- [Provided material]:
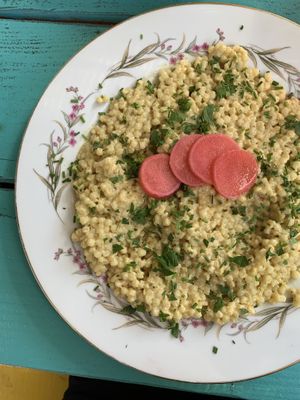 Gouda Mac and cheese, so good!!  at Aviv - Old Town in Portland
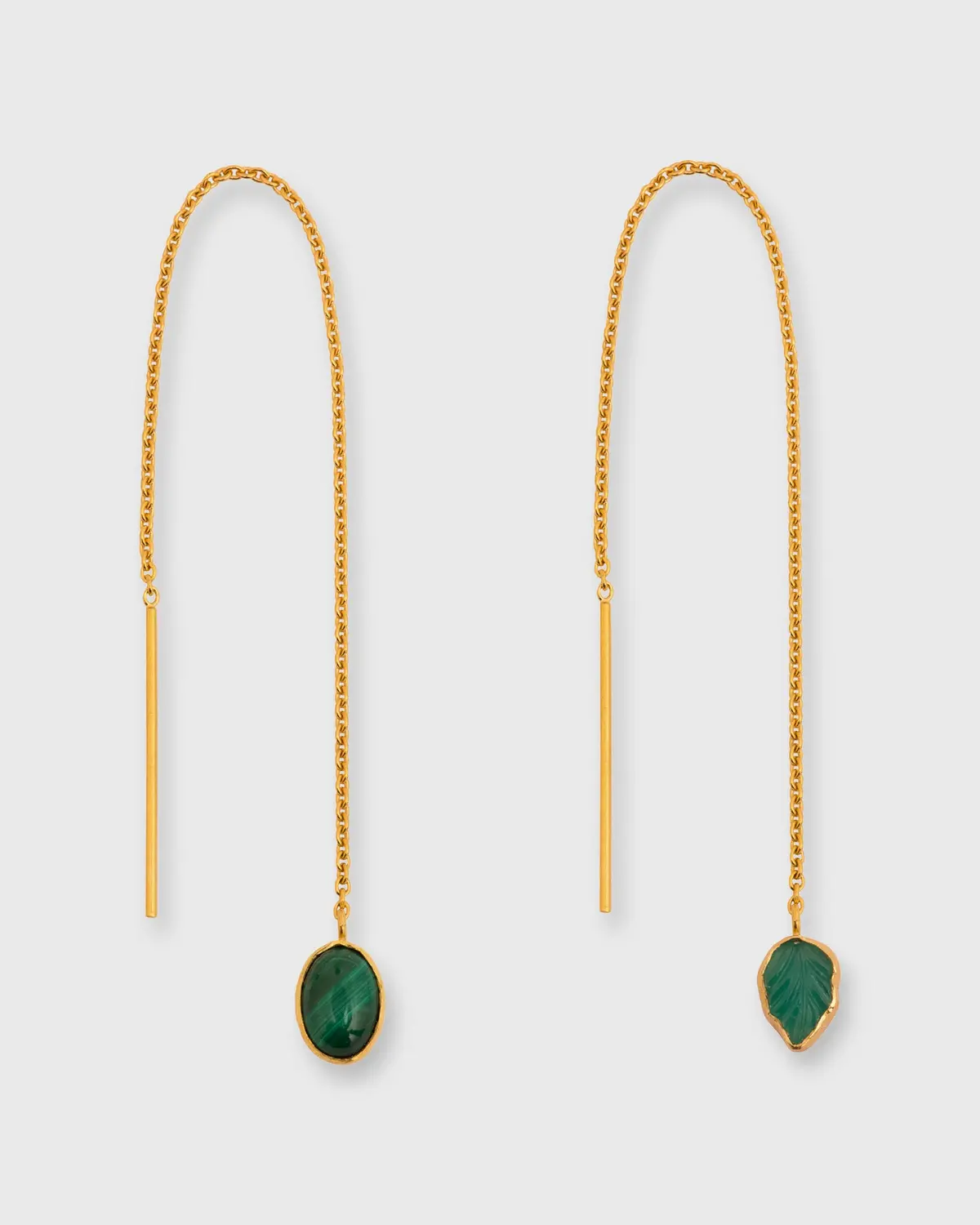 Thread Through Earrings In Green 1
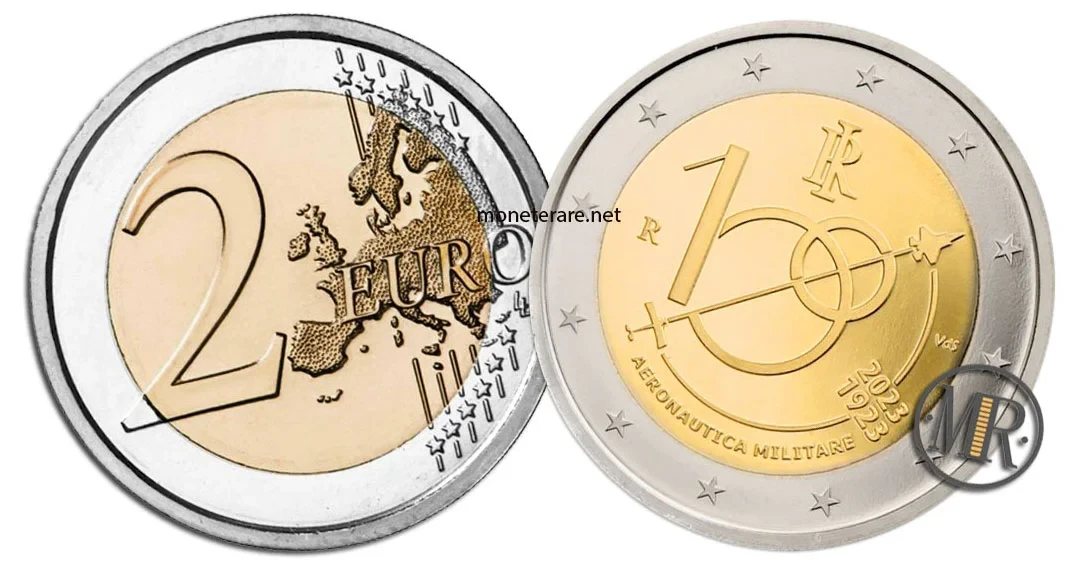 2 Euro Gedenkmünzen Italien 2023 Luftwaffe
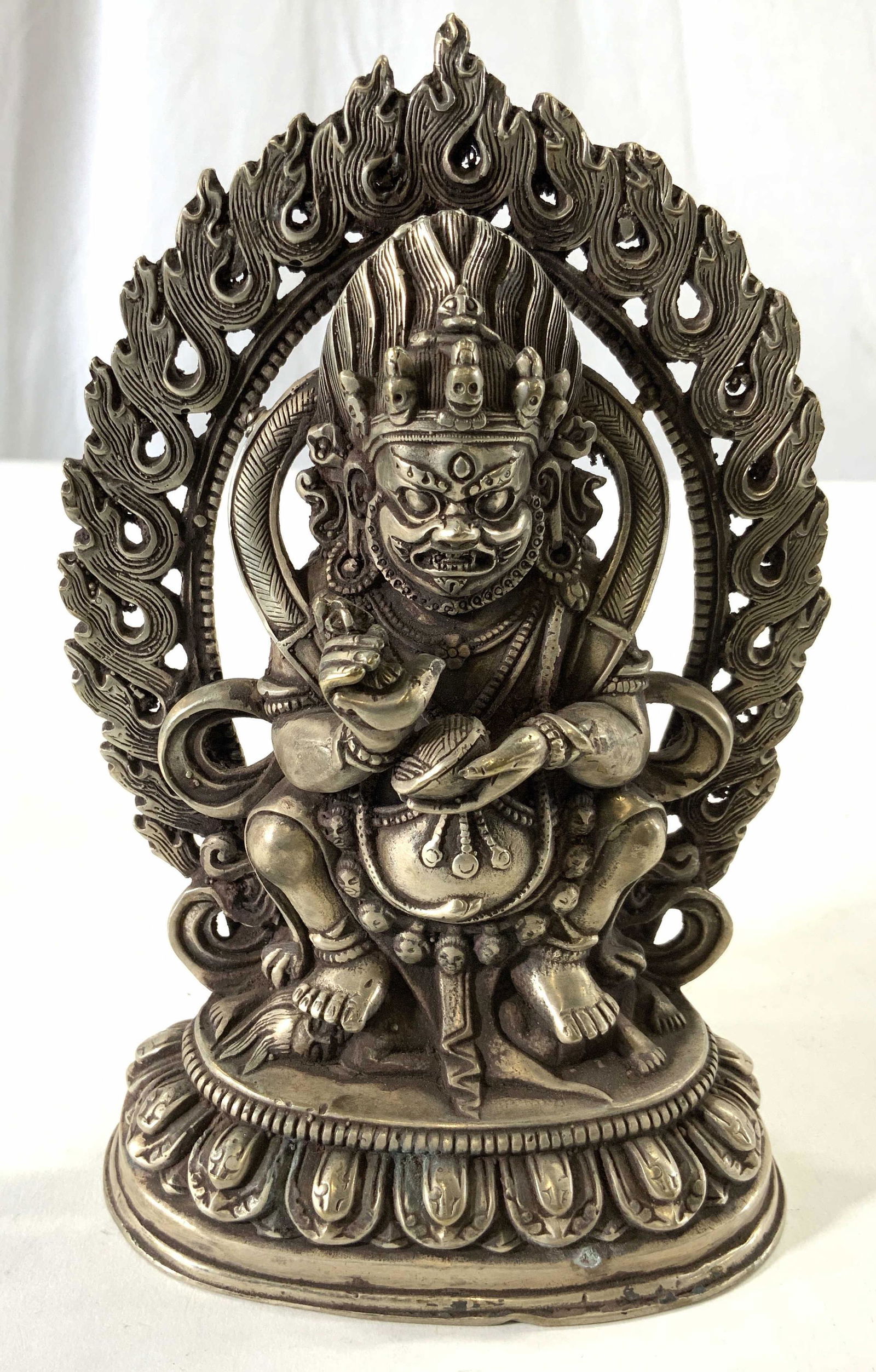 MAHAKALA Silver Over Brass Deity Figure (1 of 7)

- [Aim of the exercise]: Every line of the material should be repeated precisely; pictures are to be excluded.

- [Output below]:
 Gouda Mac and cheese, so good!!  at Aviv - Old Town in Portland
 Thread Through Earrings In Green 1
 2 Euro Gedenkmünzen Italien 2023 Luftwaffe
 MAHAKALA Silver Over Brass Deity Figure (1 of 7)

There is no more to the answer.